12 November 2024
Developing a 'Safeguarded AI' programme with guaranteed safety standards
We are launching our second programme, 'Safeguarded AI', led by Programme Director David 'davidad' Dalrymple.
This initiative aims to uncover a novel pathway for AI safety by leveraging advanced AI systems to construct a targeted "gatekeeper” AI. This gatekeeper is designed to understand and reduce the safety risks of other AI agents, ensuring they only operate within agreed-upon guardrails for a given application (e.g., balancing electricity grids or optimising clinical trials), thus acting as a safety guarantee for the AI model or system.
"Current techniques designed to mitigate the risks of AI have serious limitations, and can't be relied upon in isolation to ensure the safety of these highly advanced technologies," explains ARIA Programme Director David 'davidad' Dalrymple. "We believe that by combining scientific world models with mathematical proofs, we can develop AI systems with the same kind of safety assurances we've come to expect from nuclear power and passenger aviation."

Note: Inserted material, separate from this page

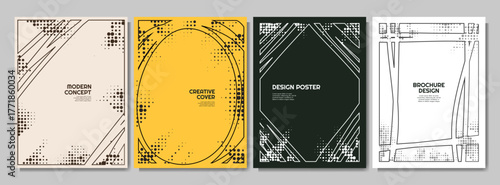 Vector illustration. Messy geometric linear background. Design element for poster, book or magazine cover, layout, flyer. Different shapes line border with halftone dots. Vintage hand drawn style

A successful outcome would harness the problem-solving abilities of advanced AI systems to improve the performance of critical infrastructure, where current approaches are too unreliable for high-stakes applications. For example, even small improvements in the energy sector could amount to huge savings – it cost the UK £7 billion to balance Britain's power grid over 2022/3.

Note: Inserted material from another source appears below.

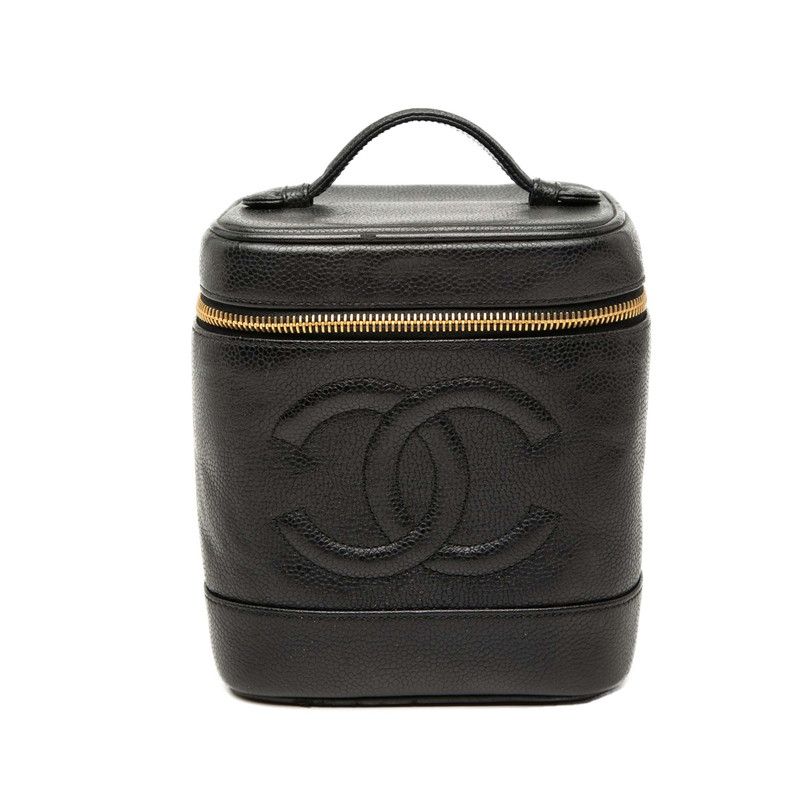 シャネル ココマーク バニティバッグ ハンドバッグ ブラック キャビアスキン レディース CHANEL【1-0269437】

To date, very little R&D has been invested in quantitative approaches to AI safety. With the aim of prototyping a new model and demonstrating scalable 'proof of concept,' we are directing £59 million over four years towards funding researchers and engineers from across a range of disciplines, sectors, and institutions.

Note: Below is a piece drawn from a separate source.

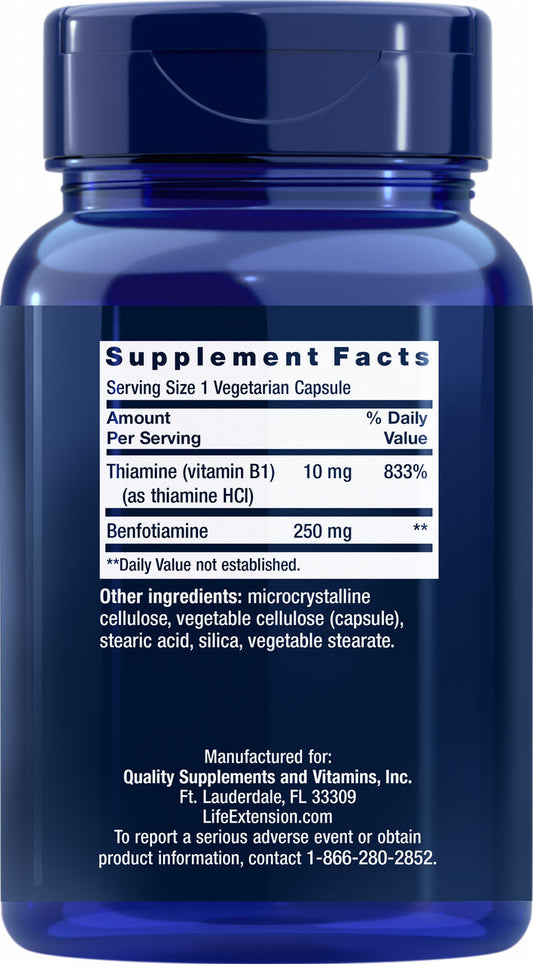 Mega Benfotiamine 250 mg, 120 vegetarian capsules #925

The programme will be split into three Technical Areas (TAs), each with a specific aim and approach. Our first funding call for one of these areas (TA.1) is now live, comprising £3.5M of funding. We will open more funding calls across all three areas in the coming months.
"AI may prove to be the defining technology of the 21st century, accelerating progress and productivity in nearly every sector of the economy," said Ilan Gur, ARIA CEO. "But we'll only reap the benefits if we can develop systems whose outputs can be verified and relied upon. If this programme can demonstrate proof-of-concept, it will materially change how we think about AI safety, and help uncover a viable and scalable path to safe and transformative AI."